### Exercise
What you return should be every line below, word for word, and none of the images.

### Given material
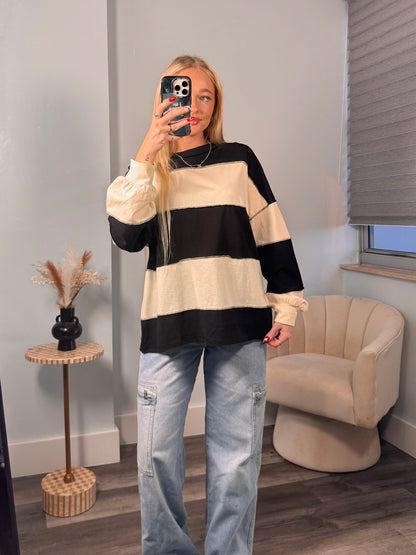 Cream/ Black Oversized Long Sleeve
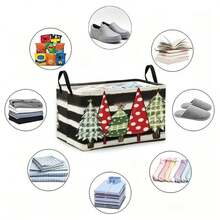 1pc Black White Stripe Christmas Tree Print Foldable Rectangular Fabric Storage Basket With Handles, Clothes Organizer - Multicolor - View 3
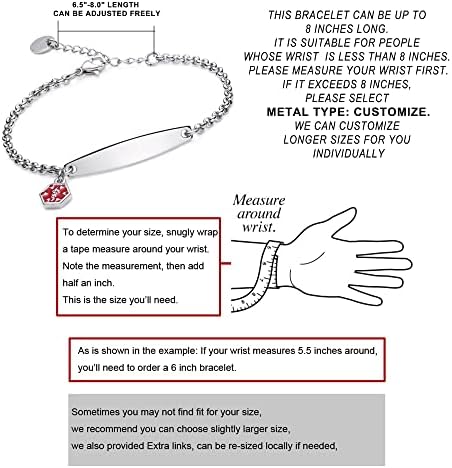 LinnaLove-Pre-engraved Simple Rolo chain Medical alert id bracelet for Women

### Worked solution
 Cream/ Black Oversized Long Sleeve
 1pc Black White Stripe Christmas Tree Print Foldable Rectangular Fabric Storage Basket With Handles, Clothes Organizer - Multicolor - View 3
 LinnaLove-Pre-engraved Simple Rolo chain Medical alert id bracelet for Women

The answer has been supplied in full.